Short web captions
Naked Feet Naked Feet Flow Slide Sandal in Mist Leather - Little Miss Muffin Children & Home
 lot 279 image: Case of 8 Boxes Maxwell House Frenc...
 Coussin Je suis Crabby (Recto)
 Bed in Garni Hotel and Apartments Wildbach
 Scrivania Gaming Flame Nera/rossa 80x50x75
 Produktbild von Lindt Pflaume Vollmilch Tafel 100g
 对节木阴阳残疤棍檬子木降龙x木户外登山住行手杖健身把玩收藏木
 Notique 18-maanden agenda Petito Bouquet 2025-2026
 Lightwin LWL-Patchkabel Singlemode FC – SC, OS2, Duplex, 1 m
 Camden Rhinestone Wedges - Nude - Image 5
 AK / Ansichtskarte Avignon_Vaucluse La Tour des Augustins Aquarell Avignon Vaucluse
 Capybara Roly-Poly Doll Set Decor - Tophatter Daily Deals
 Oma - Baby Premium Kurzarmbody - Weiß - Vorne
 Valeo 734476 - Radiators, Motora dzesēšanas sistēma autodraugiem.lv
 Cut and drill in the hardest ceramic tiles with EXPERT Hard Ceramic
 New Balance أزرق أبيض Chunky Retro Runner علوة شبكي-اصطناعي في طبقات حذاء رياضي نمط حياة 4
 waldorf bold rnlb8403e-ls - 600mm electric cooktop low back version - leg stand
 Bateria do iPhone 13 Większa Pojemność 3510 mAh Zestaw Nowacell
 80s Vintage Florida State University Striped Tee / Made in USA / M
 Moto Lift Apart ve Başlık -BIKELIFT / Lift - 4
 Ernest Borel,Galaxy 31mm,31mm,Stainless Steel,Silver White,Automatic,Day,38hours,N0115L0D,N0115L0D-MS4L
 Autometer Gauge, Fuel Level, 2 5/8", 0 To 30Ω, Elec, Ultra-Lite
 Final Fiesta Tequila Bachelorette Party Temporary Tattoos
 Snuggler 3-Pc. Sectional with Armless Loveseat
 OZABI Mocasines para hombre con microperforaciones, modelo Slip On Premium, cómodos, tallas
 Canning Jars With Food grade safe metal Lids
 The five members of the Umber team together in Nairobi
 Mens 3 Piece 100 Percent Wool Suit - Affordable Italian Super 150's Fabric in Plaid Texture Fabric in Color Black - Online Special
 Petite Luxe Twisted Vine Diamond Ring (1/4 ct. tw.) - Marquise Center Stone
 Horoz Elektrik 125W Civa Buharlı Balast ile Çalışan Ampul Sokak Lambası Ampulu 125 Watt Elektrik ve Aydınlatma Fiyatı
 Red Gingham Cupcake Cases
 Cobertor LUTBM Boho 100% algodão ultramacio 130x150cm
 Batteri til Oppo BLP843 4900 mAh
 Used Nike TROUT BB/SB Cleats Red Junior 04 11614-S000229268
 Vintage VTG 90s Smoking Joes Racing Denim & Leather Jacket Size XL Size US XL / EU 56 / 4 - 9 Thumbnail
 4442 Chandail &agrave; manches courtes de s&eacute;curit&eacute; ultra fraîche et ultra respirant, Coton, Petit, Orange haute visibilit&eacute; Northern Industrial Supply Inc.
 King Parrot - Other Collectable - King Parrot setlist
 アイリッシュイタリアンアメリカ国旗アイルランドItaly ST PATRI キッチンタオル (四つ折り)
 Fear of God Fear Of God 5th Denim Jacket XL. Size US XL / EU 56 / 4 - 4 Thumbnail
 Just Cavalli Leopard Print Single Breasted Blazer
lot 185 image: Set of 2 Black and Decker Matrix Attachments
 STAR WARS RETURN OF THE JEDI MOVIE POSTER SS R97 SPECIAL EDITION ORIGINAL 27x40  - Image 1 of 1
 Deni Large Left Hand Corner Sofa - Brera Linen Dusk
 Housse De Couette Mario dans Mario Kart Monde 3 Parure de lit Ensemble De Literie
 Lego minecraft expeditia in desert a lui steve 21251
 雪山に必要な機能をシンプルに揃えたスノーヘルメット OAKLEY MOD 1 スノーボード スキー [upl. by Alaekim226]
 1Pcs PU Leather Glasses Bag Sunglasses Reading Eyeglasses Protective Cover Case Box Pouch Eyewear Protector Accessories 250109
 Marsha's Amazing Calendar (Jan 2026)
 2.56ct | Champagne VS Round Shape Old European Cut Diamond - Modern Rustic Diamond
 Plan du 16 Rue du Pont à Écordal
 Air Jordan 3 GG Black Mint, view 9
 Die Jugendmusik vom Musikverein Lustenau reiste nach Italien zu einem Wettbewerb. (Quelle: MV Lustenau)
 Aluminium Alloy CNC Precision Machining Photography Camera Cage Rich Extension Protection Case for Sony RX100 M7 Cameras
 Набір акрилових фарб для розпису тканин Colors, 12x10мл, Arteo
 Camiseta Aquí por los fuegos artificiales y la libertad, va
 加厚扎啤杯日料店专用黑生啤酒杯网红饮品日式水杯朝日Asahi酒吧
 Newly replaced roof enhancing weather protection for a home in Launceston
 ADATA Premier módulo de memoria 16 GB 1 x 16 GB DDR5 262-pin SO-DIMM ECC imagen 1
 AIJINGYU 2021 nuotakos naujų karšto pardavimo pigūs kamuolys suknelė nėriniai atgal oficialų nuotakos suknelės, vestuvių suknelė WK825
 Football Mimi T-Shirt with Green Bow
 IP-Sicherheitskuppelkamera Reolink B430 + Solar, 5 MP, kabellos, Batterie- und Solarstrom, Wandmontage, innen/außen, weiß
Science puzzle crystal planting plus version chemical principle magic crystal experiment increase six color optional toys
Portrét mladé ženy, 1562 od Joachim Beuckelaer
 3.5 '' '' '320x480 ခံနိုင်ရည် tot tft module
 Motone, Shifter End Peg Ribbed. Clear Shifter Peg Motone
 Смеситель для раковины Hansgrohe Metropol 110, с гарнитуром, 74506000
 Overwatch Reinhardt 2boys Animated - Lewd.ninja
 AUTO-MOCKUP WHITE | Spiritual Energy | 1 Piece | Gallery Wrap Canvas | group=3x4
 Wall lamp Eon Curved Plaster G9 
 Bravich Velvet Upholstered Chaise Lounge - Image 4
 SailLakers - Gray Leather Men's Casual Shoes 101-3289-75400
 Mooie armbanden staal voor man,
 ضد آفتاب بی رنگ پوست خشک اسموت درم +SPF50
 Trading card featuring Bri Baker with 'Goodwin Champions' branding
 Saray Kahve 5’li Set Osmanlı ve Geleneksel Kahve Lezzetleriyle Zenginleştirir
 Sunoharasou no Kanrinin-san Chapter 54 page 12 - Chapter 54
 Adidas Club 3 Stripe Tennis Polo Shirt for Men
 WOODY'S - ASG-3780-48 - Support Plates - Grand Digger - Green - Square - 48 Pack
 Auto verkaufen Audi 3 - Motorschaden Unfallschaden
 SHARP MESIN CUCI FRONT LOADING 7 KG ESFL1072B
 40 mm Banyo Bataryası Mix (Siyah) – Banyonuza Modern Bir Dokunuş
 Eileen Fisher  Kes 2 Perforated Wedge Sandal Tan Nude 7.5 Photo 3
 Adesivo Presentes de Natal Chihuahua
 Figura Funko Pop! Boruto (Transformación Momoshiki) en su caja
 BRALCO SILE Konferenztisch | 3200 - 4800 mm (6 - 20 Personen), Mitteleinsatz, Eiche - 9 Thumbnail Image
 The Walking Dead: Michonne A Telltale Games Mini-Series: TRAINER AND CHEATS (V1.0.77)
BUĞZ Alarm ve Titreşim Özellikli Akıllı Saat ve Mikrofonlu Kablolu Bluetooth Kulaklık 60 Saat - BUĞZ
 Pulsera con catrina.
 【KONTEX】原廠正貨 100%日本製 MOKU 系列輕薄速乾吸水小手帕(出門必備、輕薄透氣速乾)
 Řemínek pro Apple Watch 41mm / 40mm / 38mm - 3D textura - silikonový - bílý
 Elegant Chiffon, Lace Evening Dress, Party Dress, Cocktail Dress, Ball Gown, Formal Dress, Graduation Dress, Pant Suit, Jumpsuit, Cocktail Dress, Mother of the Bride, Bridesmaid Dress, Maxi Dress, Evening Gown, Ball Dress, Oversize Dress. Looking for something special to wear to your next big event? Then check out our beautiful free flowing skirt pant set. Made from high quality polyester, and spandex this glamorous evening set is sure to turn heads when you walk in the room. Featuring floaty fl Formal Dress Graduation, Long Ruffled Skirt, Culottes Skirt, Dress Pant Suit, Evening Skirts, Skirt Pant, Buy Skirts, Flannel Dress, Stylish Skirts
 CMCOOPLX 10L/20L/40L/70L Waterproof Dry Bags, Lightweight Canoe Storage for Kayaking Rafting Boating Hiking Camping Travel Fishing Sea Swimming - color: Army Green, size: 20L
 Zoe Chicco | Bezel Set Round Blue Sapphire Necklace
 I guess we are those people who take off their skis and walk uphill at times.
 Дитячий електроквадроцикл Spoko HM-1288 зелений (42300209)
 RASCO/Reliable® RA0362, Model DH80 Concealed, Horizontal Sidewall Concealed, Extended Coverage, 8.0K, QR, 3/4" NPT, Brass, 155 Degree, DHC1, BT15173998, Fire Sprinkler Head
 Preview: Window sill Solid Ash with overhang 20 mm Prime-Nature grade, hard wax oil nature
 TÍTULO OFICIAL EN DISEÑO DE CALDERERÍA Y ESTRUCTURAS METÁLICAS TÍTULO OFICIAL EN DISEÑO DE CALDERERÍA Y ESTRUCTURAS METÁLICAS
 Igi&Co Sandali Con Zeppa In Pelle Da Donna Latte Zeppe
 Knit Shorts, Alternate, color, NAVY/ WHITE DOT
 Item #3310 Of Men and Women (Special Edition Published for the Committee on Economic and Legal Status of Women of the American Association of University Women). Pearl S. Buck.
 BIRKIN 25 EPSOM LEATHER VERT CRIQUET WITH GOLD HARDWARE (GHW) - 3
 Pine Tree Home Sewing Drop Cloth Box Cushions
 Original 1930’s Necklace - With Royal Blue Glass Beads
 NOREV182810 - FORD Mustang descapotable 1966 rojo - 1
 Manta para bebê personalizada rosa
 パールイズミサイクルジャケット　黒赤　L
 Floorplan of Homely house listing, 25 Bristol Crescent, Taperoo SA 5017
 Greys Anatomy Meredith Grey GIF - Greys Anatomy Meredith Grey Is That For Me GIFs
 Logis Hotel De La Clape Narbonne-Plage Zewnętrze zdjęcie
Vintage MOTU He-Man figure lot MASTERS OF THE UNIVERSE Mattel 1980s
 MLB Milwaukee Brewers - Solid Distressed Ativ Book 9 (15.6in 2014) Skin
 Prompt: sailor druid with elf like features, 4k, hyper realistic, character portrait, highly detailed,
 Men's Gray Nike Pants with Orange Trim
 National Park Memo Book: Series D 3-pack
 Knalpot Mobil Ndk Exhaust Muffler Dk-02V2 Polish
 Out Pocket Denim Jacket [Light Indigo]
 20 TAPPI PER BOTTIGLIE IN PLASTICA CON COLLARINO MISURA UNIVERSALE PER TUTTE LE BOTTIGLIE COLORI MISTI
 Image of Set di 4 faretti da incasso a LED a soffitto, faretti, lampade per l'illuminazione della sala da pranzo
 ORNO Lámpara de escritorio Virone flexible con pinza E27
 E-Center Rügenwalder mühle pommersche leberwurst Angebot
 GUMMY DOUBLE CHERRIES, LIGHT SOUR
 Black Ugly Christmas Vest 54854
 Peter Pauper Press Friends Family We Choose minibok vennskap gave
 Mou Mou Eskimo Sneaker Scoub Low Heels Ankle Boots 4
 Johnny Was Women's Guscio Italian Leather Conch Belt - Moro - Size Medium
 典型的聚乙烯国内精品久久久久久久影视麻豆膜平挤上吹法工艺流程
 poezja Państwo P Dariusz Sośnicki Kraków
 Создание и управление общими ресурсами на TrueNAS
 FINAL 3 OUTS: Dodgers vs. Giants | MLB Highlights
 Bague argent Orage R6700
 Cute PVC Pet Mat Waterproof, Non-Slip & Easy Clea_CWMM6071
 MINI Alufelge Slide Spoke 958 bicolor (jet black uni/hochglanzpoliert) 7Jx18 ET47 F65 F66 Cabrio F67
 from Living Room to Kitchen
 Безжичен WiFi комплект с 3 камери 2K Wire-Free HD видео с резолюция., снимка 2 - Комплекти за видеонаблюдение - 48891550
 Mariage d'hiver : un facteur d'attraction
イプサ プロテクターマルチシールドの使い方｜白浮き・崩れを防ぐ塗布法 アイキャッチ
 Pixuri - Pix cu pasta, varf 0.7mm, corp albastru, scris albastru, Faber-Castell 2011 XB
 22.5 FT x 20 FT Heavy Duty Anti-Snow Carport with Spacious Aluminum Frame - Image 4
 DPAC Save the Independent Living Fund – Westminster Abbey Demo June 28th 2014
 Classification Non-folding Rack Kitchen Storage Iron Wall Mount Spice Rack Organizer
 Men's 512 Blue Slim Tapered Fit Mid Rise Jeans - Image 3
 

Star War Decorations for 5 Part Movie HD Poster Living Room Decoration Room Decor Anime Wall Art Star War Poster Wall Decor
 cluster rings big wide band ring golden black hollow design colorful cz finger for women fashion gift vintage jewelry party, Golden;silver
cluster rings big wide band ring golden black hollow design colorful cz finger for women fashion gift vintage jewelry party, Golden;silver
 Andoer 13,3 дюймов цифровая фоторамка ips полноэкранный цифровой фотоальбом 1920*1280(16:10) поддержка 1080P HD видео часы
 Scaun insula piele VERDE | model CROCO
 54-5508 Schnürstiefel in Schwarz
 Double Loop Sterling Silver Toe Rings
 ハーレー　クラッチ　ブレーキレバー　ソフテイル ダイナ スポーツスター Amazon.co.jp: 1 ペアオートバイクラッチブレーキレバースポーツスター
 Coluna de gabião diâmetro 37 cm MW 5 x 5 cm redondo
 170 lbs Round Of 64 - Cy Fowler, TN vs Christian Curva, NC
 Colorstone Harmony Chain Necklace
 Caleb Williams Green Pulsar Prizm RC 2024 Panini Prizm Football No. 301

§ **What is being asked**
Every line above that holds the word "University" needs to be copied.

§ **Solution**
 80s Vintage Florida State University Striped Tee / Made in USA / M
 Item #3310 Of Men and Women (Special Edition Published for the Committee on Economic and Legal Status of Women of the American Association of University Women). Pearl S. Buck.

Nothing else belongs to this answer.